What you are asked to do :: From the first line of the material through the line containing "HIGHLANDER Graphic Print", restate everything word for word and nothing more.

Task data Start Marker

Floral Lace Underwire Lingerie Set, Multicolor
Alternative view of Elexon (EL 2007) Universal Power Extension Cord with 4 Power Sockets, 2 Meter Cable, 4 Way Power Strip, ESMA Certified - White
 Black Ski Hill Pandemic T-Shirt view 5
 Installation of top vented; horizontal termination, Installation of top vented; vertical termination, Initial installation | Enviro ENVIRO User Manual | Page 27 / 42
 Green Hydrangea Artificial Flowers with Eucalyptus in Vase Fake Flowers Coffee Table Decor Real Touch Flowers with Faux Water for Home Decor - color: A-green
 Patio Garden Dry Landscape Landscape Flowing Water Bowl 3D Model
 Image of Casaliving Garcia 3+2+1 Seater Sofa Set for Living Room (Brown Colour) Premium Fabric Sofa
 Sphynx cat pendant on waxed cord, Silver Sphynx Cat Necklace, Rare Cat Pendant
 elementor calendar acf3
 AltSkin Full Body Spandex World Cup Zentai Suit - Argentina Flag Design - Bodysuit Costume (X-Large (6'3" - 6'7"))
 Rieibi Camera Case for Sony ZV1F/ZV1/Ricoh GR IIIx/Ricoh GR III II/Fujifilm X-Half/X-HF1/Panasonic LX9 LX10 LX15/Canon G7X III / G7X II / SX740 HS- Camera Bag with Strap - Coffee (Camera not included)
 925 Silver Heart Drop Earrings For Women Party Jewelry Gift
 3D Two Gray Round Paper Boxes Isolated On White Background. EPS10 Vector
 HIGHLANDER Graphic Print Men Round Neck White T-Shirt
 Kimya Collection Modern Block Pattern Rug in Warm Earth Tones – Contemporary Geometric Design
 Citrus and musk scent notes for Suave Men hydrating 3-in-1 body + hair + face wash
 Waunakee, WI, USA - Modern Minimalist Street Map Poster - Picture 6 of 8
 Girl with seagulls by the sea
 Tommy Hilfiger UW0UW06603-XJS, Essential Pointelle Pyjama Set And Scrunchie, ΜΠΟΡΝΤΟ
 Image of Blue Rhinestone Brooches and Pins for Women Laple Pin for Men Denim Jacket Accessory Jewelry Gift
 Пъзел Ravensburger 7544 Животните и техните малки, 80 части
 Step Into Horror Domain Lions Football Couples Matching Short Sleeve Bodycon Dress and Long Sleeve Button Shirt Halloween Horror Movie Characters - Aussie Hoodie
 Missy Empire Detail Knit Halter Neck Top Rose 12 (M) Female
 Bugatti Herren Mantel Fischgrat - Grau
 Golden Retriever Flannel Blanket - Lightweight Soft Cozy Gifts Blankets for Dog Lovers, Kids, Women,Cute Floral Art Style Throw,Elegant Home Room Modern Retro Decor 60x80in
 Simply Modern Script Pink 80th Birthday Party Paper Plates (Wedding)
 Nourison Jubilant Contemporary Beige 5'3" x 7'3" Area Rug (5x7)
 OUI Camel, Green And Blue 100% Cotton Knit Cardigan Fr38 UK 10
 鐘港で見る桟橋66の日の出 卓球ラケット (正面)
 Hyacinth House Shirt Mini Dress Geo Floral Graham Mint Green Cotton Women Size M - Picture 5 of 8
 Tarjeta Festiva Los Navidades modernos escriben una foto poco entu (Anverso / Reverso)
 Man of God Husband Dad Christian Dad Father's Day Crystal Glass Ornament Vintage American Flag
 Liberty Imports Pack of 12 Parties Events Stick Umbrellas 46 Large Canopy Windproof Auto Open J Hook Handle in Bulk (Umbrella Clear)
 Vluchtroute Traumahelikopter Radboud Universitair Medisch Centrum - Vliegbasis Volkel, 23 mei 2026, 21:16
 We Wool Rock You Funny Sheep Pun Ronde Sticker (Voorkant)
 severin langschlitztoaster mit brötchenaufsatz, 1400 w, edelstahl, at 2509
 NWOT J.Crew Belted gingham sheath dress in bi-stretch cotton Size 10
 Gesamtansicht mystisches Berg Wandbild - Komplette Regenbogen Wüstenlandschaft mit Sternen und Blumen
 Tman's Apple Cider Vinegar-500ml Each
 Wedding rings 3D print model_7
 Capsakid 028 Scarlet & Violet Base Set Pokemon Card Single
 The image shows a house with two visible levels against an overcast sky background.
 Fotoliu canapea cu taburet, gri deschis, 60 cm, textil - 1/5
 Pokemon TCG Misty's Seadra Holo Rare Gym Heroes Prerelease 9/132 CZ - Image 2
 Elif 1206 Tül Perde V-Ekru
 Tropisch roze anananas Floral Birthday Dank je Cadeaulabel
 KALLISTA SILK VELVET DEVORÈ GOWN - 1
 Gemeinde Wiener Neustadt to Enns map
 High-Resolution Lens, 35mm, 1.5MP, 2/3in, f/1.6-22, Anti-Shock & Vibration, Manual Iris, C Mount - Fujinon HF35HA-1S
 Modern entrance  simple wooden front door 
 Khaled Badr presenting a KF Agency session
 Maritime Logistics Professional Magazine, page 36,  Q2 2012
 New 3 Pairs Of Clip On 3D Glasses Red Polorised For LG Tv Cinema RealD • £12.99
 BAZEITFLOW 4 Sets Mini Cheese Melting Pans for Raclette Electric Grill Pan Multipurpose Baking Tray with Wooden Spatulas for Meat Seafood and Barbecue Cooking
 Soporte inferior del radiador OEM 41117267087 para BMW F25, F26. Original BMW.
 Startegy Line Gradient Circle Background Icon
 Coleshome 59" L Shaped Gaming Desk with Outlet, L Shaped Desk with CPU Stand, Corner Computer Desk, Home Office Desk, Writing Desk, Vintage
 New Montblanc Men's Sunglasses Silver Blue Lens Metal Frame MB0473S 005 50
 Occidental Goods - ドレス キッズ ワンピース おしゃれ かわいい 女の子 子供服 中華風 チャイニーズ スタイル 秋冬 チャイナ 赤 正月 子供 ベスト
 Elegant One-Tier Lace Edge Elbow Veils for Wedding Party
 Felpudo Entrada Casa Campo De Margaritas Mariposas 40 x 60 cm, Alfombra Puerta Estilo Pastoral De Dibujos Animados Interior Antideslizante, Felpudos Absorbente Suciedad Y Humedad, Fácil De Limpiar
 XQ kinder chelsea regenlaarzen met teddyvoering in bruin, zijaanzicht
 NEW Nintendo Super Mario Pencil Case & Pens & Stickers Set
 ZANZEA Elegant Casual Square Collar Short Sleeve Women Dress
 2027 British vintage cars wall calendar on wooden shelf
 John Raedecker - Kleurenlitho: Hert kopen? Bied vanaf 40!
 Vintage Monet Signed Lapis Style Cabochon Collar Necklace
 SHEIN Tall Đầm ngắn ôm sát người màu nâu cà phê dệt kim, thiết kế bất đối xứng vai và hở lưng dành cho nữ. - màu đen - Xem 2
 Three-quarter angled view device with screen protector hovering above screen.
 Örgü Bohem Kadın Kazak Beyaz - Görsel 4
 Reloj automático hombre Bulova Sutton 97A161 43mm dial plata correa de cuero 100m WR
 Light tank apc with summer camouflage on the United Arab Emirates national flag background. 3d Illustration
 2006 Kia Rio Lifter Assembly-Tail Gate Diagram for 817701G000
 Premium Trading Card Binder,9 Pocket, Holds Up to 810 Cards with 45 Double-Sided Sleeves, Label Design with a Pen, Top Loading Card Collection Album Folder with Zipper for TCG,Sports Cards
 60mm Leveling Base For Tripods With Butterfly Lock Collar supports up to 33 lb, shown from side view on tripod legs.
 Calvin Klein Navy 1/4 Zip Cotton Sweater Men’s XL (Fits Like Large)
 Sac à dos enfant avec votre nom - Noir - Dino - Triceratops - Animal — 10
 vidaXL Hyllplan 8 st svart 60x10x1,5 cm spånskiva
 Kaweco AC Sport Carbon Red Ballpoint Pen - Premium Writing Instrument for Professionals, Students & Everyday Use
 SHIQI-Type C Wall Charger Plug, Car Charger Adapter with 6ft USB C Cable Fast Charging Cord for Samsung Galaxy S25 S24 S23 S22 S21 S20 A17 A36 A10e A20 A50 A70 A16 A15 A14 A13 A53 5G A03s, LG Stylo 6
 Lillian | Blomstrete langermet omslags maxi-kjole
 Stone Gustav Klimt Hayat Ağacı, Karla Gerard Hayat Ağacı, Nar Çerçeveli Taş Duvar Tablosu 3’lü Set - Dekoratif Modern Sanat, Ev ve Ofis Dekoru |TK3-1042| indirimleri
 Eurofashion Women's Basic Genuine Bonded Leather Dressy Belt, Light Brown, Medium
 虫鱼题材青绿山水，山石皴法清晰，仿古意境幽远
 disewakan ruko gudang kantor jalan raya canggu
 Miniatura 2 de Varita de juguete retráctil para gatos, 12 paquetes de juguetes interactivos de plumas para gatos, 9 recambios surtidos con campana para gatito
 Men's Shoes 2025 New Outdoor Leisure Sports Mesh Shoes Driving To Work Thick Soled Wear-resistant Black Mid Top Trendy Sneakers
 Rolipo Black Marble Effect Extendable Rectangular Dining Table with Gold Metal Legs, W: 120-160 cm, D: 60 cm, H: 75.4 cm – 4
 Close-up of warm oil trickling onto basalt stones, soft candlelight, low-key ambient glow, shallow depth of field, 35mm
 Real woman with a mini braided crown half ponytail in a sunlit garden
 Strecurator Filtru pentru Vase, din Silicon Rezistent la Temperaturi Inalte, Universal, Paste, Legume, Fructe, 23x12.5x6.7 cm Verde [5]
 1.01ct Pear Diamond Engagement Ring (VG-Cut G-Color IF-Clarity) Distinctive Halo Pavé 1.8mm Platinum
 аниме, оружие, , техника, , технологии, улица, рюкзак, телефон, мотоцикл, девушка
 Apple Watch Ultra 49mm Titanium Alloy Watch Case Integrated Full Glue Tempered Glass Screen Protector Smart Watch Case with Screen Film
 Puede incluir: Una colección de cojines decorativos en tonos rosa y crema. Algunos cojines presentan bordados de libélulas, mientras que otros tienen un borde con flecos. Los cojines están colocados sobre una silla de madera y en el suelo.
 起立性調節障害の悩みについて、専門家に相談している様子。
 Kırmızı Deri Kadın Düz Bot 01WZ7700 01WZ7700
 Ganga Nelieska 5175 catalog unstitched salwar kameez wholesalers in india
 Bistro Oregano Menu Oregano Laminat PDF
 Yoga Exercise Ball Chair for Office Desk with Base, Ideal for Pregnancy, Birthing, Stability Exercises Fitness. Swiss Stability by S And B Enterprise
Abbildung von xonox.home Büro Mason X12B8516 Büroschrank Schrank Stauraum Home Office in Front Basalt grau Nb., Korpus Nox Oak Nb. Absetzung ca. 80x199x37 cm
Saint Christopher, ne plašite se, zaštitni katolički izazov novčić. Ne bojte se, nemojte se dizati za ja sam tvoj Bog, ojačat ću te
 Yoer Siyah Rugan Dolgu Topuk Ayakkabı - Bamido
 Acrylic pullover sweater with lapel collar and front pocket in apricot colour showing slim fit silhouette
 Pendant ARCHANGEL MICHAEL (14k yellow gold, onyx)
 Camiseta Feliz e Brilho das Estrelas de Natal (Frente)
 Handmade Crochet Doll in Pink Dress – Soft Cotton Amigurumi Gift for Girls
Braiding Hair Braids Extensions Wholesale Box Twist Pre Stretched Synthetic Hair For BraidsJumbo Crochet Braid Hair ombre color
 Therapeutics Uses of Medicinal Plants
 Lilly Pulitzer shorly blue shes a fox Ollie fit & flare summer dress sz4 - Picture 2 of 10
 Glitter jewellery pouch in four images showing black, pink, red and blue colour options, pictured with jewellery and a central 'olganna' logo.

Task data End Marker

Problem solution ::
Floral Lace Underwire Lingerie Set, Multicolor
Alternative view of Elexon (EL 2007) Universal Power Extension Cord with 4 Power Sockets, 2 Meter Cable, 4 Way Power Strip, ESMA Certified - White
 Black Ski Hill Pandemic T-Shirt view 5
 Installation of top vented; horizontal termination, Installation of top vented; vertical termination, Initial installation | Enviro ENVIRO User Manual | Page 27 / 42
 Green Hydrangea Artificial Flowers with Eucalyptus in Vase Fake Flowers Coffee Table Decor Real Touch Flowers with Faux Water for Home Decor - color: A-green
 Patio Garden Dry Landscape Landscape Flowing Water Bowl 3D Model
 Image of Casaliving Garcia 3+2+1 Seater Sofa Set for Living Room (Brown Colour) Premium Fabric Sofa
 Sphynx cat pendant on waxed cord, Silver Sphynx Cat Necklace, Rare Cat Pendant
 elementor calendar acf3
 AltSkin Full Body Spandex World Cup Zentai Suit - Argentina Flag Design - Bodysuit Costume (X-Large (6'3" - 6'7"))
 Rieibi Camera Case for Sony ZV1F/ZV1/Ricoh GR IIIx/Ricoh GR III II/Fujifilm X-Half/X-HF1/Panasonic LX9 LX10 LX15/Canon G7X III / G7X II / SX740 HS- Camera Bag with Strap - Coffee (Camera not included)
 925 Silver Heart Drop Earrings For Women Party Jewelry Gift
 3D Two Gray Round Paper Boxes Isolated On White Background. EPS10 Vector
 HIGHLANDER Graphic Print Men Round Neck White T-Shirt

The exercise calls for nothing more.